To restate your point: in the object's own rest frame, there is no net force on the object, since the velocity and acceleration are zero. In a frame where the object is moving, its momentum is changing, despite there being no force on it, leading to an apparent paradox.
I think the resolution is that, if things could magically gain or lose mass, Newton's laws would not obey Galilean invariance. Of course, there would also be no energy conservation, no momentum or angular momentum conservation, etc.
In Newtonian mechanics, if a cart gains mass, the mass is coming from somewhere, e.g. someone pouring sand into it.
So imagine a cart rolling along the ground to the right at constant speed $v,$ and someone pouring sand into it from above. We can think about two scenarios:
- The sand is also moving to the right at $v$ as it falls.
- The sand has no left/ right movement as it falls.
In scenario 1, there is no external push needed to keep the cart moving at constant speed. As seen from the ground frame, the system of the cart plus any sand in it gains momentum to the right, but this momentum came in from the sand as it entered the system. As seen in the cart's own frame, the sand has no left/right momentum and the momentum of the system isn't changing. Both perspectives tell us we don't have to push on the cart.
In scenario 2, both perspectives say we do have to push on the cart. In the ground frame, the cart is gaining momentum without the sand bringing that momentum in, so we have to push with a force $F_{\rm push} = \dot{m} v$ where $\dot{m}$ is the rate that the sand adds mass to the system of the cart and any sand in it. As seen in the cart frame, the sand is moving to the left at $v,$ bringing in momentum per unit time $-\dot{m} v,$ and we need the same $F_{\rm push}$ to keep the momentum of the system at zero.
In either scenario, Galilean relativity holds. Observers in any reference frame can apply a Newtonian analysis and agree about whether there must be an external push on the cart, and on the magnitude of that push.

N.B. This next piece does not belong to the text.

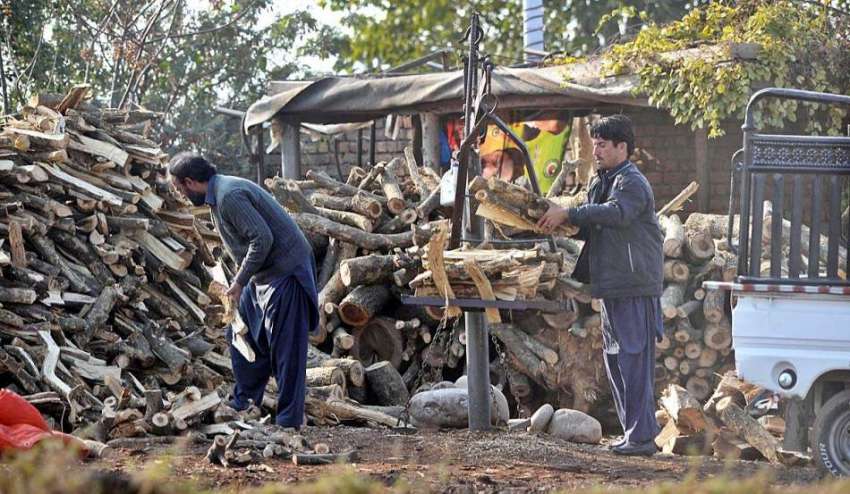 راولپنڈی: دکاندار لکڑیوں کا وزن کرنے میں مصروف ہے۔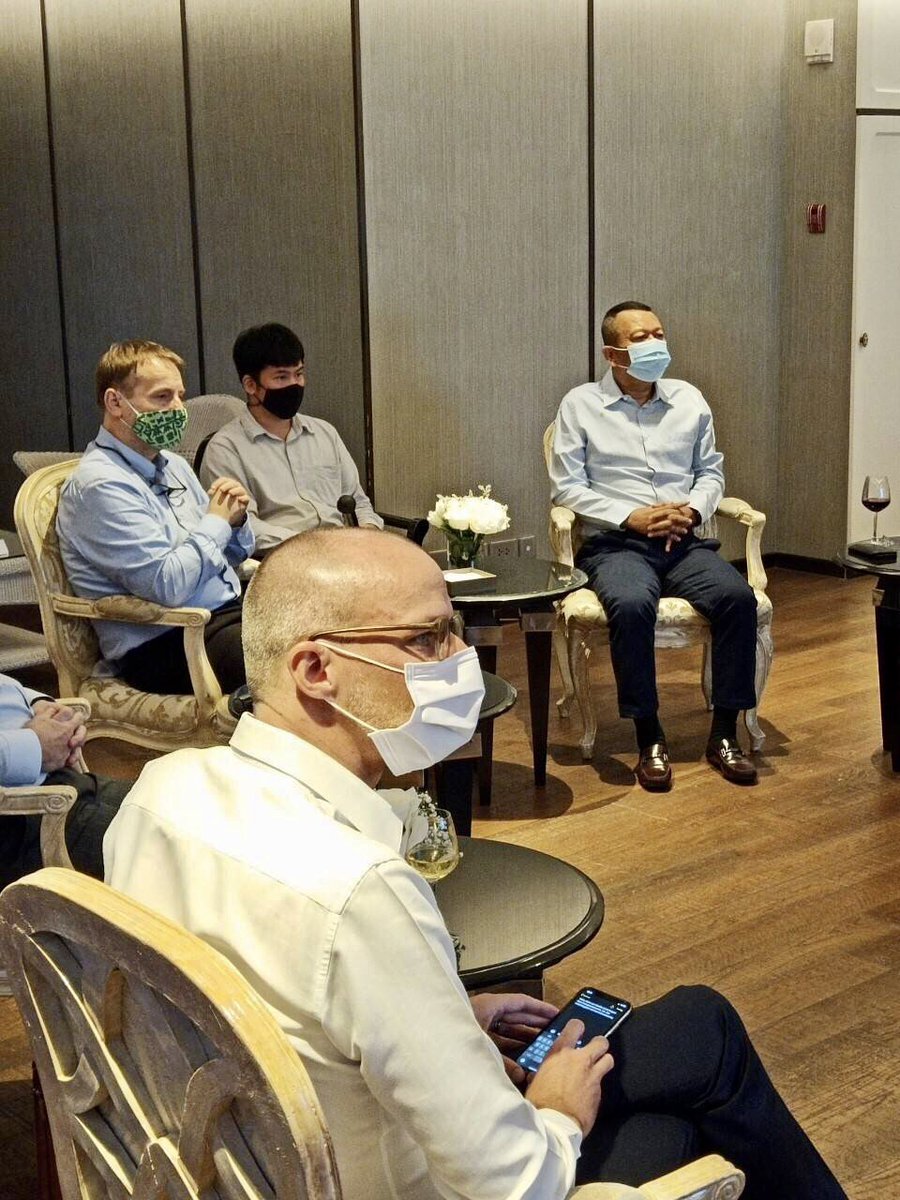 GermanAmbTHA's tweet photo. 1/2 Enlightening discussion together with my French colleague @J_Lapouge with ISOC 4 Director Gen. Pornsak Poonsawat about his vision for peace in the Southern Border Provinces of 🇹🇭. The collaboration and consultation of all key stakeholders leads to sustainability and unity. https://t.co/iuLZ44yvAK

What remains to be resolved is the exact semantics of "force". In scenario 1, in the ground frame, the sand is bringing momentum into the system of the cart plus any sand in it. If we define "force" to mean any flux of momentum into a system and include systems where mass is flowing in or out, then the sand is "exerting a force" on the system as it falls in the cart, and from the cart's own reference frame, the sand is not "exerting a force" on the system. In that sense "force" would not be a Galilean invariant. I don't think this is usually what people mean when they say "force", though. Instead, they usually mean whether or not someone needs to push on the cart to keep the velocity constant.